• Merhaba, Kadınlar Kulübü'ne ÜCRETSİZ üye olarak yorumlar ile katkıda bulunabilir veya aklınıza takılan soruları sorabilirsiniz.

Savcıdan flaş Gezi eylemi kararı

AngryPenguin

Popüler Üye
Kayıtlı Üye
8 Haziran 2012
5.278
1.437
248
31 Mayıs’ta yaşanan Gezi Parkı olaylarında takipsizlik kararı çıktı. Savcı, “Barışçıl gösteri, izinsiz bile olsa demokratik haktır. Barışçıl gösteriye katılanlar hakkında dava açmak AİHM kararlarına aykırı” dedi.

27 Mayıs 2013'te iş makinelerinin Gezi Parkı'na girmesiyle küçük çaplı olaylar olarak başlayan Gezi eylemleri, 31 Mayıs günü sabahın ilk saatlerinde Gezi Parkı'na kurulmuş çadırlara müdahale edilmesinin ardından, geniş çaplı toplumsal gösterilere dönüştü.

31 Mayıs günü gerçekleşen gösterilerde, İstanbul'da yüzlerce kişi gözaltına alındı, gözaltına alınanlardan 74 kişi aleyhinde de soruşturma başlatıldı.

Edinilen bilgiye göre, soruşturmayı yürüten savcı, çok önemli bir karara imza attı;
Savcı Hüseyin Aslan, 74 kişi hakkında "takipsizlik" kararı verdi. Kararda, savcının takipsizlik kararı konusunda çarpıcı gerekçeler yer aldı;

-Göstericiler, barışçıl bir gösteriye katılmışlardır
-İzinsiz bile gerçekleşse, barışçıl bir gösteriye katılmak, AİHM kararları uyarınca suç teşkil etmez.
-Göstericilerin yaptığı, demokratik haklarının kullanılmasıdır.
-Göstericiler, mahkeme tarafından da hukuka aykırı bulunan ve iptal edilen Taksim Yayalaştırma Projesinin, idare tarafından uygulanma isteğine karşı bir araya gelmişlerdir.
-Göstericiler, ceza gerektirecek herhangi bir suça karışmamışlardır.

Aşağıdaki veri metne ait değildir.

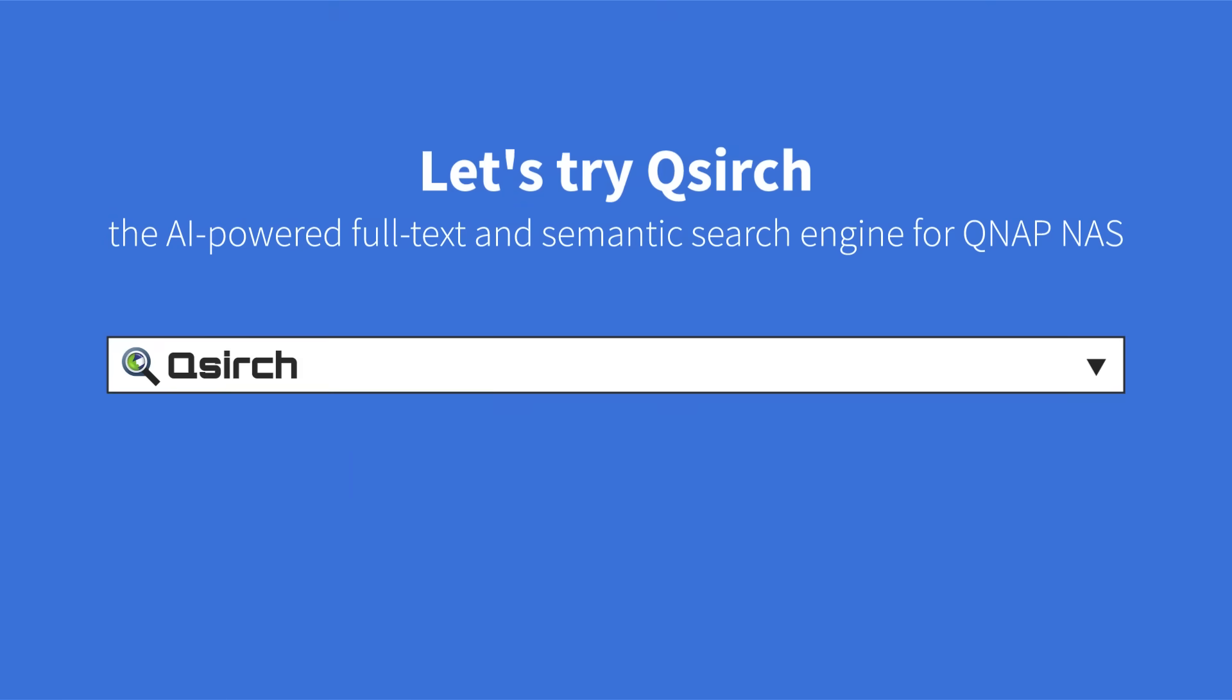Let's try QSearch, the AI-powered full-text and semantic search engine for QNAP NAS.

Göstericiler polis tarafından, 2911 sayılı toplantı ve gösteri yürüyüşleri kanuna muhalefet etmek ve güvenlik güçlerine direnmek suçlamalarıyla gözaltına alınmışlardı.

http://www.hurriyet.com.tr/gundem/25581632.asp
 
31 Mayıs’ta yaşanan Gezi Parkı olaylarında takipsizlik kararı çıktı. Savcı, “Barışçıl gösteri, izinsiz bile olsa demokratik haktır. Barışçıl gösteriye katılanlar hakkında dava açmak AİHM kararlarına aykırı” dedi.

27 Mayıs 2013'te iş makinelerinin Gezi Parkı'na girmesiyle küçük çaplı olaylar olarak başlayan Gezi eylemleri, 31 Mayıs günü sabahın ilk saatlerinde Gezi Parkı'na kurulmuş çadırlara müdahale edilmesinin ardından, geniş çaplı toplumsal gösterilere dönüştü.

31 Mayıs günü gerçekleşen gösterilerde, İstanbul'da yüzlerce kişi gözaltına alındı, gözaltına alınanlardan 74 kişi aleyhinde de soruşturma başlatıldı.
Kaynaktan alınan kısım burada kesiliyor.